[Stored dataset items]
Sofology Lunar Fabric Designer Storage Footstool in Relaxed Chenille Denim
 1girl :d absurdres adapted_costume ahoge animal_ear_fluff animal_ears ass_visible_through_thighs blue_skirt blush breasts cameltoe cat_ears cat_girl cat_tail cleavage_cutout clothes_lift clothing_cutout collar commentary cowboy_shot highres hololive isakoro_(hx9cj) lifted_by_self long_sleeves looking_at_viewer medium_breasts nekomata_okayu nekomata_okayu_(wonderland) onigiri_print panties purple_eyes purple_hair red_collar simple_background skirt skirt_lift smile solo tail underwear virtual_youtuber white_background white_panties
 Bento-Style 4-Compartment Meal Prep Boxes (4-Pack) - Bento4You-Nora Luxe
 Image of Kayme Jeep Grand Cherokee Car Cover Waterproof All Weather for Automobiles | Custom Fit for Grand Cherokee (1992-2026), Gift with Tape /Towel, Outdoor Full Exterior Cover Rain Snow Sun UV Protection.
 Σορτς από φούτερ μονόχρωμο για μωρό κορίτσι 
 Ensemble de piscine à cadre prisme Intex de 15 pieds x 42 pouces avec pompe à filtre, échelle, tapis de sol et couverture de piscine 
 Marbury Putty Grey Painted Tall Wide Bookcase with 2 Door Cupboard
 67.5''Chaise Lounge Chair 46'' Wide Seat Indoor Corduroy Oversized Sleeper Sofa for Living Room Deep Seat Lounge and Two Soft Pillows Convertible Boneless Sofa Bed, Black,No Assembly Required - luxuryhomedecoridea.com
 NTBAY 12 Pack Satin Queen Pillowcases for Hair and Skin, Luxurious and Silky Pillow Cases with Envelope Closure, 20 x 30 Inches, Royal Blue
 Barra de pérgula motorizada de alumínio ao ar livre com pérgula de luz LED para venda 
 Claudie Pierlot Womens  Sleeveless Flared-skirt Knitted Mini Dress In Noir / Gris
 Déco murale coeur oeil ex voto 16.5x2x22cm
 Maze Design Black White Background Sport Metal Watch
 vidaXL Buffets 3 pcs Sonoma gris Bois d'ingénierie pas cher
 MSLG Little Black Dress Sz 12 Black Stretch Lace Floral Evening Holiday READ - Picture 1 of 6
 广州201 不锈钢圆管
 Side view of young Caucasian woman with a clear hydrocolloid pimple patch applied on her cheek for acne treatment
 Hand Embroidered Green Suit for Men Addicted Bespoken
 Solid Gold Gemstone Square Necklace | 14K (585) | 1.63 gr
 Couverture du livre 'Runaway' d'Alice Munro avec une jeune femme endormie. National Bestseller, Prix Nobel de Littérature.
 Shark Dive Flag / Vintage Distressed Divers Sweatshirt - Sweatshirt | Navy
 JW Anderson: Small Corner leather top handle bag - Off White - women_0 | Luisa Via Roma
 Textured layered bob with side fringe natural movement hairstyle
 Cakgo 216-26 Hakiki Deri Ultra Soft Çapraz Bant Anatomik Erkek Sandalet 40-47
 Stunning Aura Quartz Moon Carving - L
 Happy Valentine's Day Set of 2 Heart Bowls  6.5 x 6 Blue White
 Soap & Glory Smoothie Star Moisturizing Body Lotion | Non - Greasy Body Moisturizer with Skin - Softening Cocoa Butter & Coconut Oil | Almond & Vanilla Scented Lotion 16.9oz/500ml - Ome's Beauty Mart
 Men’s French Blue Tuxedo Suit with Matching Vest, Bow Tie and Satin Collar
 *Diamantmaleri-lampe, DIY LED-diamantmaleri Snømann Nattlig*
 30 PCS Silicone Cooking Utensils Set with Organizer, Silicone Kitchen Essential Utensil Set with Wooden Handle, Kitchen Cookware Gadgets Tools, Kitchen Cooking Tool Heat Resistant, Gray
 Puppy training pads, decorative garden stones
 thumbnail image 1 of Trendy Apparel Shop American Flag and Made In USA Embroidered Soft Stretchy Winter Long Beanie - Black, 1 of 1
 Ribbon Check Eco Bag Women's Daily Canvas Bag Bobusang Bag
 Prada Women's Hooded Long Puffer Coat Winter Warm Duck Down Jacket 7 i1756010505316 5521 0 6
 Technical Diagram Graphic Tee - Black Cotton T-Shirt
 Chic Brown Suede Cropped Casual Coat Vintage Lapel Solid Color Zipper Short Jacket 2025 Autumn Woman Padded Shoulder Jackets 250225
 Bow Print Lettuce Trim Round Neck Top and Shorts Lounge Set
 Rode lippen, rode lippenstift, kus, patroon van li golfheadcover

Required work> Where a line contains "Bow Print Lettuce", begin there and output each line through the end of the data above, exactly; give no other lines.

Reply to the exercise>
 Bow Print Lettuce Trim Round Neck Top and Shorts Lounge Set
 Rode lippen, rode lippenstift, kus, patroon van li golfheadcover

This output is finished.